Prostitusi sangat identik dengan peredaran narkoba dan penyebaran penyakit kelamin, seperti HIV dan AIDS acquired immune deficiency syndrome. Keadaan ini sangat berbahaya dan dapat menghancurkan generasi muda bangsa ini termasuk di Kota Pekanbaru, jika keadaan ini terus dibiarkan tanpa ada upaya penyelesaian yang tepat.
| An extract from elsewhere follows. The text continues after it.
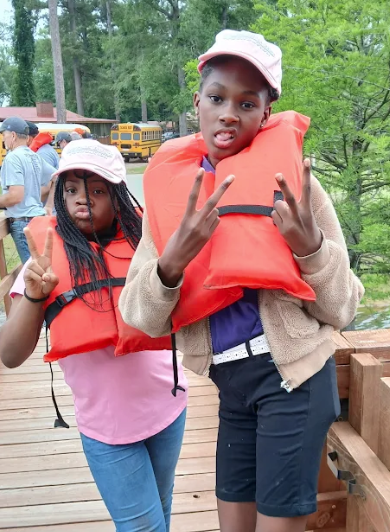 Two young people wearing orange life vests and pink hats pose on a wooden dock.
Data dari tahun ke tahun menunjukkan bahwa di Kota Pekanbaru telah terjadi peningkatan kasus HIVAIDS. Data awal tahun 2015 menunjukkan 717 kasus HIV dan mengakibatkan meninggal 10 orang. Data AIDS 674 kasus dan meninggal 158 orang. Adapun perbandingan persentase berdasarkan jenis kelamin perempuan dan laki-laki pengidap penyakit tersebut 55 banding 45 persen. Selain itu, berkembangnya kasus-kasus dan semakin pesatnya jumlah WTS ini akan berkaitan langsung dengan kesehatan mental masyarakat serta sebagai akumulasi dari berbagai masalah sosial dan kepribadian. Selain masalah HIVAIDS, penyebaran lokalisasi juga berpengaruh terhadap psikologi warga sekitar. Anak-anak dan remaja adalah golongan yang rentan terkena imbas keberadaan lokalisasi prostitusi tersebut. Kehidupan sosial keagamaan menjadi makin memudar, sehingga usaha pemerintah kota untuk menjadi Pekanbaru menjadi kota yang madani akan sulit terwujud dengan alasan kasus praktik prostitusi yang menyebar di berbagai sudut kota tersebut. Ranjabar 2015 memprediksi bahwa tidak ada seorang pun yang akan menyatakan bahwa manusia tidak terpengaruh oleh lingkungan hidup. Perubahan dalam lingkungan hidup akan berakibat pada perubahan masyarakat sekitarnya. Demikian juga dengan munculnya lokalisasi baru di pemukiman warga, maka dampak sosialnya akan lebih besar. Memang, aspek norma lebih lambat perubahannya dari pada aspek materil, tetapi sekali terjadi perubahan pada aspek norma dalam masyarakat maka perubahan sosial yang diakibatkannya akan lebih besar dan luas Kasnawi dan Asang, 2014.